Mad Max: Fury Road is a testament to how important it is to have talent behind the camera when making a movie. Structurally, the film is one big, extended chase scene. The last one of these was Getaway, which is so awful it deserves to be shown to large crowds, ready to laugh, at midnight screenings once a year. You know, like The Room or Birdemic. Fury Road, on the other hand, keeps one long chase thrilling for almost two hours of running time, and does so while providing gorgeous visuals and a decent amount of character development. And explosions. Lots and lots of explosions. More explosions than your typical Michael Bay movie.
The film has been directed by George Miller, who brought us the previous three Mad Max films, but in recent years has spent his time directing family-friendly films like Happy Feet and Babe: Pig in the City. He returns to his roots, at least in spirit if not in budget, with Fury Road, a big-budget, R-rated, B-grade action movie.
The premise? Max Rockatansky (Tom Hardy, who replaces Mel Gibson in the role) joins up with a fugitive, Furiosa (Charlize Theron) to rescue a group of girls (Rosie Huntington-Whiteley, Riley Keough, Zoe Kravitz, Abbey Lee, and Courtney Eaton) from the clutches of the tyrannical Immortan Joe (Hugh Keays-Byrne, unrecognizable despite playing the villain in the first film). So, they drive through the post-apocalyptic desert that the series has become known for, blowing up practically everything in their path, all while searching for "the green place."

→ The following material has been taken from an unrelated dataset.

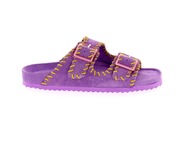 Muiltjes - slippers Colors Of California lila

Is there more to it than that? Honestly, not really. Like I said, it's just one lengthy chase scene. Most of the character beats happen while the film is in motion. While most movies stop to give the characters time to deliver exposition or grow, this one just keeps on trucking - while still giving us these things, which make the action feel more important. We become invested in these characters even though they don't pause to tell us why we should. When we do stop, it's to let the enemy get closer, ramping up tension that was already cranked up higher than most films can even dream of reaching. This is the type of movie that raises the heart rate, drops your jaw, and pleases your eyeballs for every second that it's on-screen.
It takes a talented director to pull this off, and I don't think anyone coming away from Fury Road is going to claim that George Miller isn't talented, assuming they didn't have that opinion already. The premise could have easily become dull, the characters could have been one-note dullards, the B-movie premise and aesthetic means the stunts could have been lackluster - but none of that happens. There's genuine heart and passion put into this project, and you can feel it radiating through every frame.